Mitochondrial calcium (Ca²⁺) signals play a central role in cardiac homeostasis and disease. In the healthy heart, mitochondrial Ca²⁺ levels modulate the rate of oxidative metabolism to match the rate of adenosine triphosphate consumption in the cytosol. During ischemia/reperfusion (I/R) injury, pathologically high levels of Ca²⁺ in the mitochondrial matrix trigger the opening of the mitochondrial permeability transition pore, which releases solutes and small proteins from the matrix, causing mitochondrial swelling and ultimately leading to cell death. Pharmacological and genetic approaches to tune mitochondrial Ca²⁺ handling by regulating the activity of the main Ca²⁺ influx and efflux pathways, i.e., the mitochondrial Ca²⁺ uniporter and sodium/Ca²⁺ exchanger, represent promising therapeutic strategies to protect the heart from I/R injury.

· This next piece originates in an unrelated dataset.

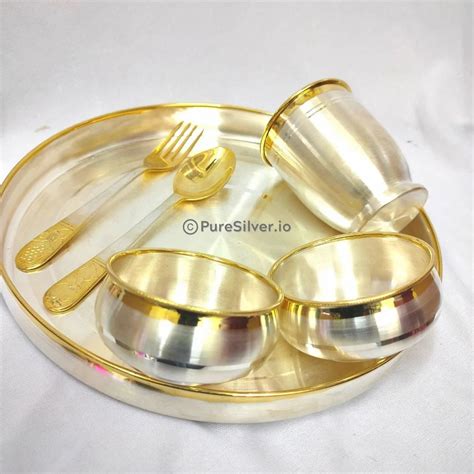 925 Sterling Silver 24k Pure Gold Plated Silver Dinner Set - 6 Pcs ...
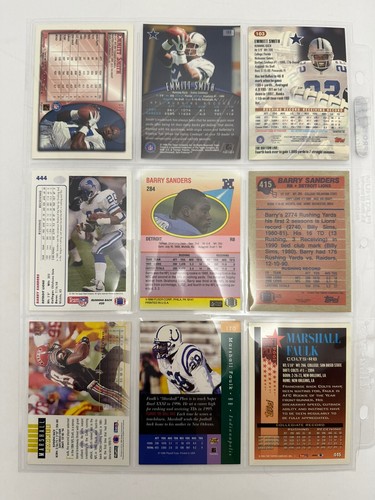 Lote de 9 cartas de corredor del Salón de la Fama Emmitt Smith Barry Sanders Marshall Faulk - Imagen 2 de 2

线粒体钙 （Ca²⁺） 信号在心脏稳态和疾病中起着核心作用。在健康的心脏中，线粒体 Ca²⁺ 水平调节氧化代谢速率，以匹配胞质溶胶中三磷酸腺苷的消耗速率。在缺血/再灌注 （I/R） 损伤期间，线粒体基质中病理上高水平的 Ca²⁺ 触发线粒体通透性转换孔的打开，从而从基质中释放溶质和小蛋白，导致线粒体肿胀并最终导致细胞死亡。通过调节主要 Ca²⁺ 内流和外排途径（即线粒体 Ca²⁺ 单向转运蛋白和钠/Ca²⁺ 交换剂）的活性来调节线粒体 Ca²⁺ 处理的药理学和遗传学方法，代表了保护心脏免受 I/R 损伤的有前途的治疗策略。